Exercise brief: Please reproduce the listing below exactly, leaving out every picture.

Data extract:
Content starts
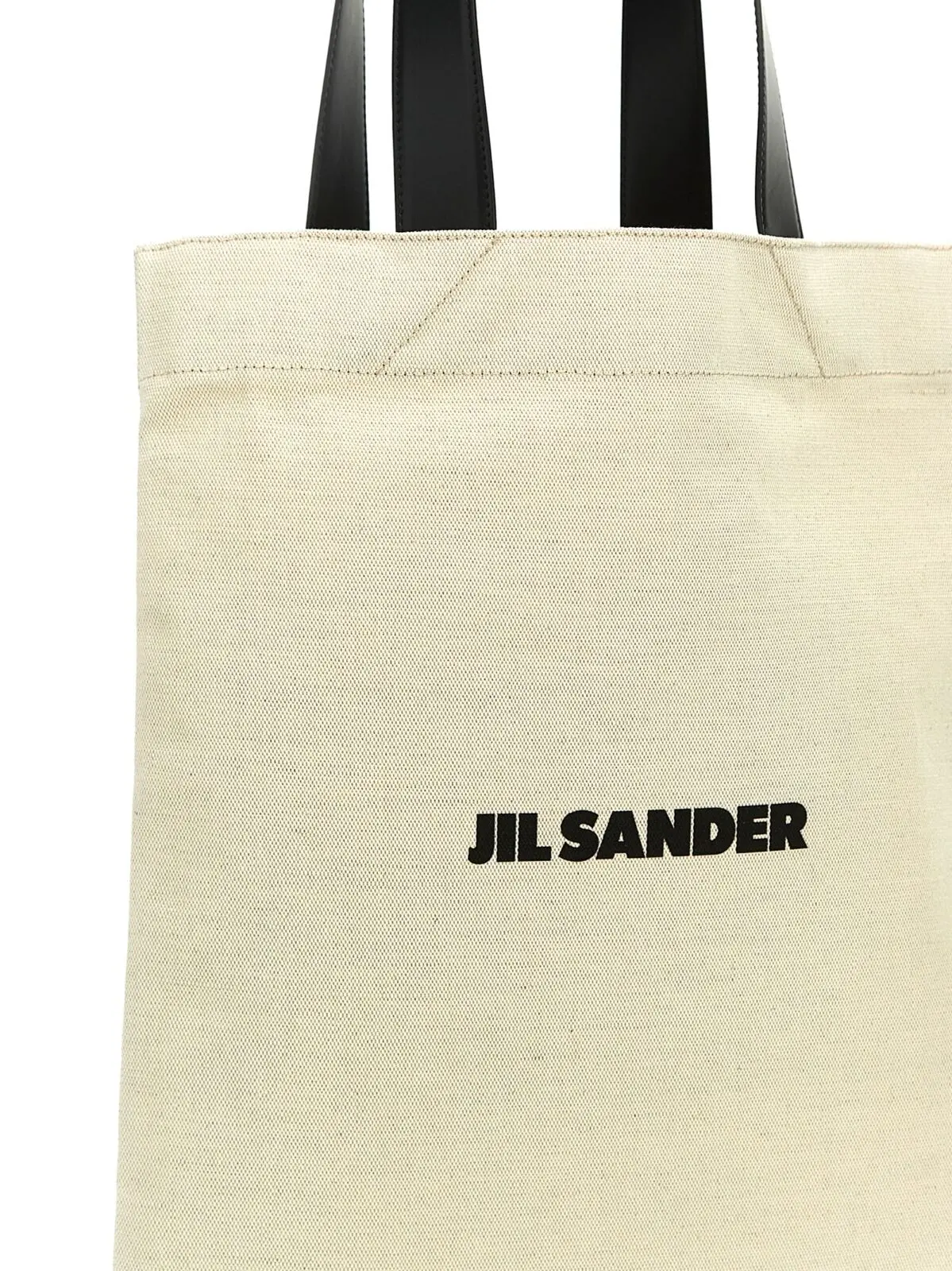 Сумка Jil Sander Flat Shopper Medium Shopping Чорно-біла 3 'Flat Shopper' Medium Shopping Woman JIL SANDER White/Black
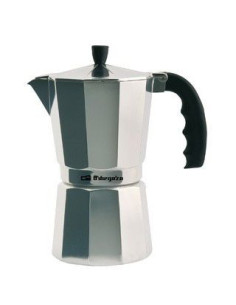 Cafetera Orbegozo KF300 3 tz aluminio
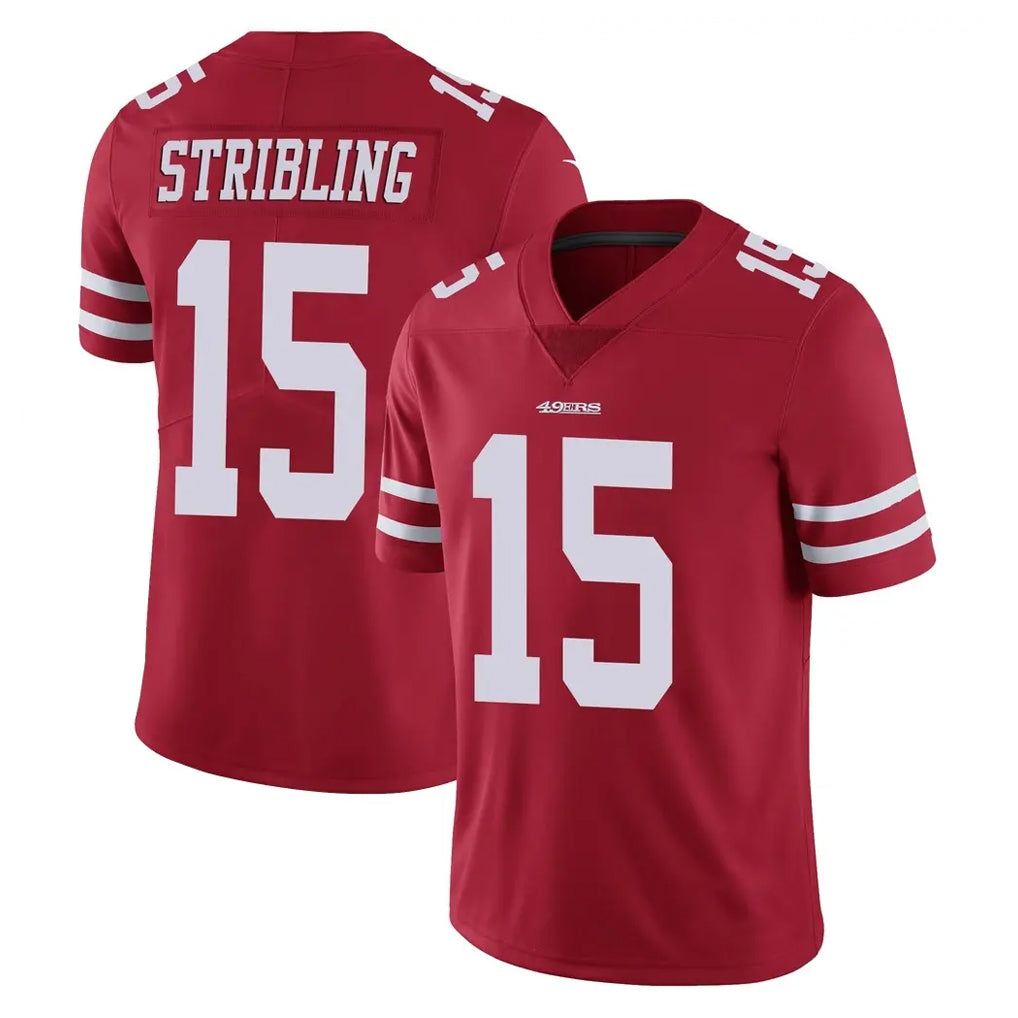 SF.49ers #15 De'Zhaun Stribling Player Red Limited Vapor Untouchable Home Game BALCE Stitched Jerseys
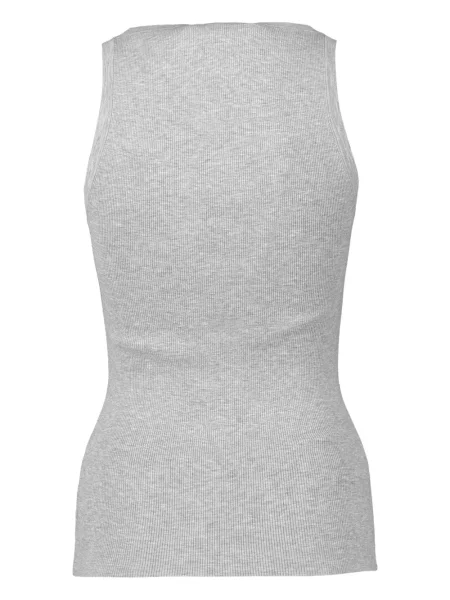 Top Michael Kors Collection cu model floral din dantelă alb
Content ends
Solution for this task:
 Сумка Jil Sander Flat Shopper Medium Shopping Чорно-біла 3 'Flat Shopper' Medium Shopping Woman JIL SANDER White/Black
 Cafetera Orbegozo KF300 3 tz aluminio
 SF.49ers #15 De'Zhaun Stribling Player Red Limited Vapor Untouchable Home Game BALCE Stitched Jerseys
 Top Michael Kors Collection cu model floral din dantelă alb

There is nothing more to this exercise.